Since v1.5.0, LeanCTX uses tree-sitter for signature extraction instead of line-by-line regex matching. Tree-sitter parses source code into a full Abstract Syntax Tree (AST), enabling accurate extraction of multi-line signatures, arrow functions, decorators, and nested definitions that regex cannot handle.
Why tree-sitter?
| Capability | Regex (old) | tree-sitter (new) |
|---|---|---|
| Multi-line signatures | Missed | Fully parsed |
| Arrow functions | Missed | Fully parsed |
| Nested classes / methods | Indentation heuristic | AST scope tracking |
| Decorators / attributes | Ignored | Associated with definitions |
| Languages supported | 4 | 18 |
| Accuracy | ~85% | ~99% |
Supported Languages
Each language has dedicated tree-sitter queries that extract the following definition types:
| Language | Extensions | Extracted Definitions |
|---|---|---|
| TypeScript | .ts, .tsx | function, class, abstract class, interface, type alias, method, arrow function |
| JavaScript | .js, .jsx | function, class, method, arrow function |
| Rust | .rs | fn, struct, enum, trait, impl, type, const |
| Python | .py | def, class, async def |
| Go | .go | func, method, type (struct/interface) |
| Java | .java | class, interface, enum, method, constructor |
| C | .c, .h | function, struct, enum, typedef |
| C++ | .cpp, .cc, .hpp | function, class, struct, enum, namespace |
| Ruby | .rb | class, module, method, singleton_method |
| C# | .cs | class, struct, interface, method, property, record |
| Kotlin | .kt, .kts | class, object, fun, property, interface |
| Swift | .swift | class, struct, enum, func, protocol, extension |
| PHP | .php | class, function, interface, trait, namespace |
| Bash / Shell | .sh, .bash | function |
| Dart | .dart | class, mixin, extension, function, method, enum |
| Scala | .scala, .sc | class, object, trait, def, val |
| Elixir | .ex, .exs | defmodule, def, defp, defmacro |
| Zig | .zig | fn, struct, enum, union |
Svelte (.svelte), Vue (.vue), and other unsupported extensions automatically fall back to the regex-based extractor for TS/JS-like syntax.
How It Works
When you use ctx_read with --mode signatures or --mode map:
- LeanCTX detects the file extension and loads the corresponding tree-sitter grammar.

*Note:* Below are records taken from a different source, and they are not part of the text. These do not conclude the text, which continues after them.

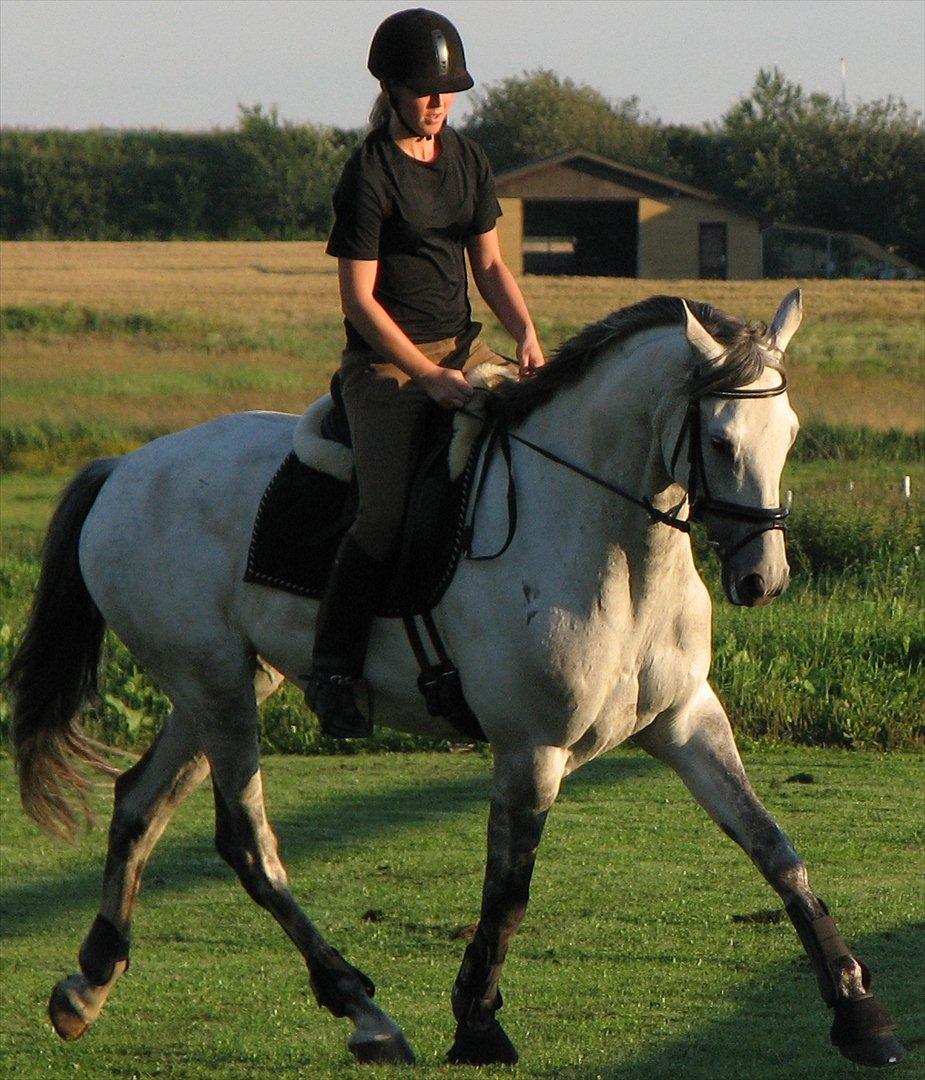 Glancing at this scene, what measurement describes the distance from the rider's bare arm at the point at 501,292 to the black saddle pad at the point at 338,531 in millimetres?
443

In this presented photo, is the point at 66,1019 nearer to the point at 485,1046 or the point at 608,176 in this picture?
the point at 485,1046

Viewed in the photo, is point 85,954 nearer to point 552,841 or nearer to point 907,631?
→ point 552,841

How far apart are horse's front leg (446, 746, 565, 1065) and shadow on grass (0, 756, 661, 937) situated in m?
2.20

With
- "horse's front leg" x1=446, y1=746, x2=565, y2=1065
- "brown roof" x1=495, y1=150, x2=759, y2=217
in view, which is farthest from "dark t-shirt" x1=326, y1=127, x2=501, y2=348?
"brown roof" x1=495, y1=150, x2=759, y2=217

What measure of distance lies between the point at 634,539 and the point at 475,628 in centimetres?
47

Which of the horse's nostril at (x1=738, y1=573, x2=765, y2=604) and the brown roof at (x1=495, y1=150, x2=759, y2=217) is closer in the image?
the horse's nostril at (x1=738, y1=573, x2=765, y2=604)

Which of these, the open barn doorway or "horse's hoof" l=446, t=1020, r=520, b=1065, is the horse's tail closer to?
"horse's hoof" l=446, t=1020, r=520, b=1065

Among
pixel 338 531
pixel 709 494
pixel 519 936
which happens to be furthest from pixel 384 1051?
pixel 709 494

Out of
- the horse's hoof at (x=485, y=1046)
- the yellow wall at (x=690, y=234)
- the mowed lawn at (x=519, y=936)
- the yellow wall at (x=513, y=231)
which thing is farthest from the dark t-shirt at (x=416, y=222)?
the yellow wall at (x=690, y=234)

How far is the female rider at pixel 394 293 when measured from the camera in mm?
4672

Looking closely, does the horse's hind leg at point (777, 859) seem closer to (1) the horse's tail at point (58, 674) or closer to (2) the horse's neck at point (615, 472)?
(2) the horse's neck at point (615, 472)

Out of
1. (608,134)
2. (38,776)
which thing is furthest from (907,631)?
(608,134)

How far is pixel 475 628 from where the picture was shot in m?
4.58

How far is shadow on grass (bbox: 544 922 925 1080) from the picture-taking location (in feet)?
15.0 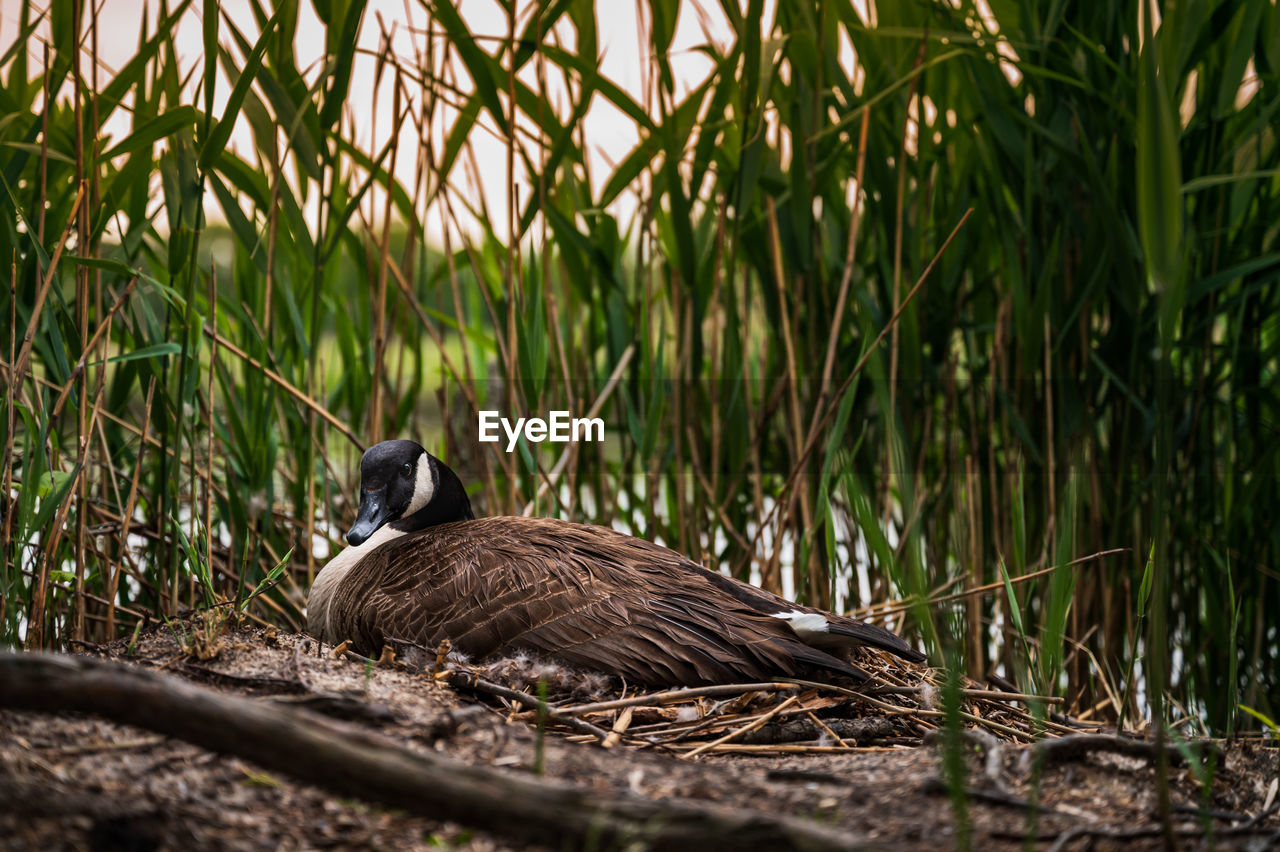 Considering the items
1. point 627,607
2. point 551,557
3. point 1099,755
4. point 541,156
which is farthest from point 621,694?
point 541,156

- The source code is parsed into an AST in a single pass.
- Pre-compiled SCM queries match definition nodes (functions, classes, structs, etc.).
- Each match is converted into a compact
Signatureobject with name, parameters, return type, visibility, and async status. - The signatures are formatted using compact notation (or TDD notation if enabled).

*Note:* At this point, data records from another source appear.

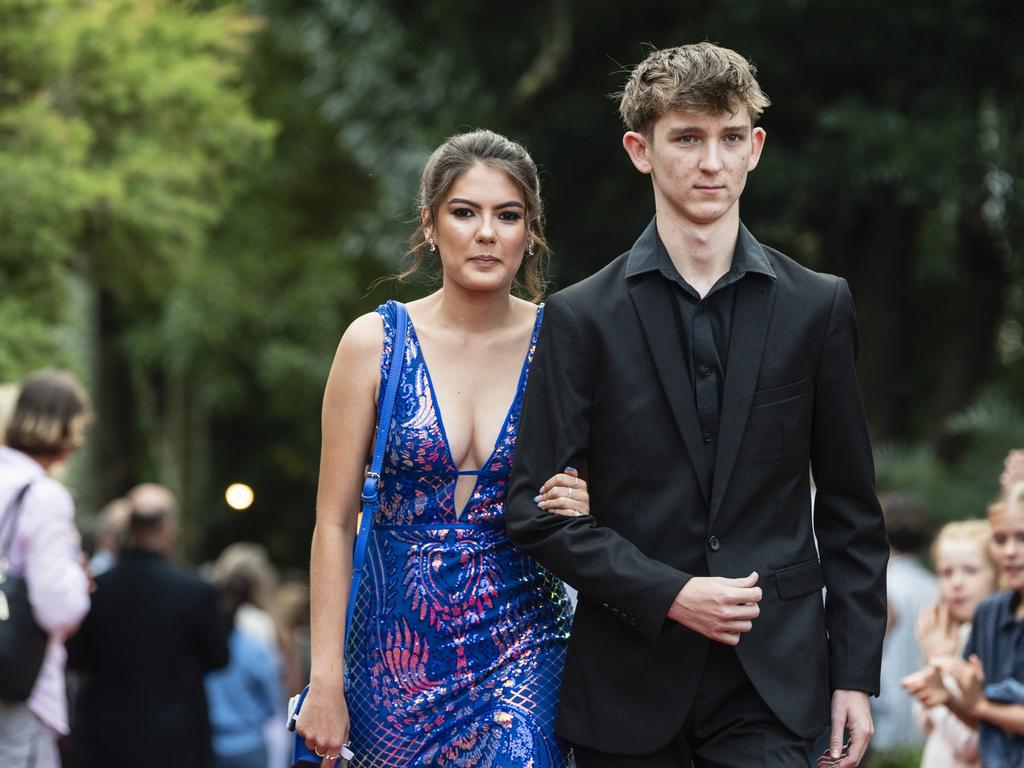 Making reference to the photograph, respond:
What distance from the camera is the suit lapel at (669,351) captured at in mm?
4160

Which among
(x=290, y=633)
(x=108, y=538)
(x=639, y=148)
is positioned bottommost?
(x=290, y=633)

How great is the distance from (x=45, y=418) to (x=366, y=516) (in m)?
2.60

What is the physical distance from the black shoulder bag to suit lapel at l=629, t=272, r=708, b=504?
314 cm

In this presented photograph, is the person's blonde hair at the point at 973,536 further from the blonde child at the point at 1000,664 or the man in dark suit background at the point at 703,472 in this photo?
the man in dark suit background at the point at 703,472

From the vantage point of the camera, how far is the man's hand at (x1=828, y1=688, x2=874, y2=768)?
4195mm

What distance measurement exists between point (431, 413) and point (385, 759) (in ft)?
3.06

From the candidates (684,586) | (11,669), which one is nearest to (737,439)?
(684,586)

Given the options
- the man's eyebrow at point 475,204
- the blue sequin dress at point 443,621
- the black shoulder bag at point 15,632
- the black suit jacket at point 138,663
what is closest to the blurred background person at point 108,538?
the black suit jacket at point 138,663

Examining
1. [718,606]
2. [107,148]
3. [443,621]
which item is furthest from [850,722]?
[107,148]

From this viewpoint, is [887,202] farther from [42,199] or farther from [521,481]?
[521,481]

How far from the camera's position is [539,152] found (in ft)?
45.1

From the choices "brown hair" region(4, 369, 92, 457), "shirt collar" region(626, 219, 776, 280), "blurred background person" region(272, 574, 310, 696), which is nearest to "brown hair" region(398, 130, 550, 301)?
"shirt collar" region(626, 219, 776, 280)

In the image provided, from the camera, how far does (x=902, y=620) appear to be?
30.6ft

Example: Multi-line Rust Signature
The regex extractor would miss this multi-line function. tree-sitter handles it correctly:
// Source (Rust)
pub fn complex_function<T: Display + Debug>(
first_arg: &str,
second_arg: Vec<T>,
third_arg: Option<HashMap<String, Vec<u8>>>,
) -> Result<(), Box<dyn Error>> {
Ok(())
}
// signatures mode output:
fn ⊛ complex_function(first_arg:&str, second_arg:Vec<T>, third_arg:Option<HashMap<String, Vec<u8>>>) → Result<(), Box<dyn Error>> Example: Arrow Functions (TypeScript)
// Source (TypeScript)
export const fetchData = async (url: string): Promise<Response> => {
return fetch(url);
};
// signatures mode output:
fn ⊛ fetchData(url:s) → Promise<Response> Binary Size
Tree-sitter grammars include compiled C parsers, which increases the binary size from ~5.7 MB to ~17 MB. If size is critical, you can build without tree-sitter:
# Build from source without tree-sitter (regex-only, 4 languages)
cargo install lean-ctx --no-default-features The default Homebrew formula and cargo install lean-ctx include tree-sitter with all 18 languages.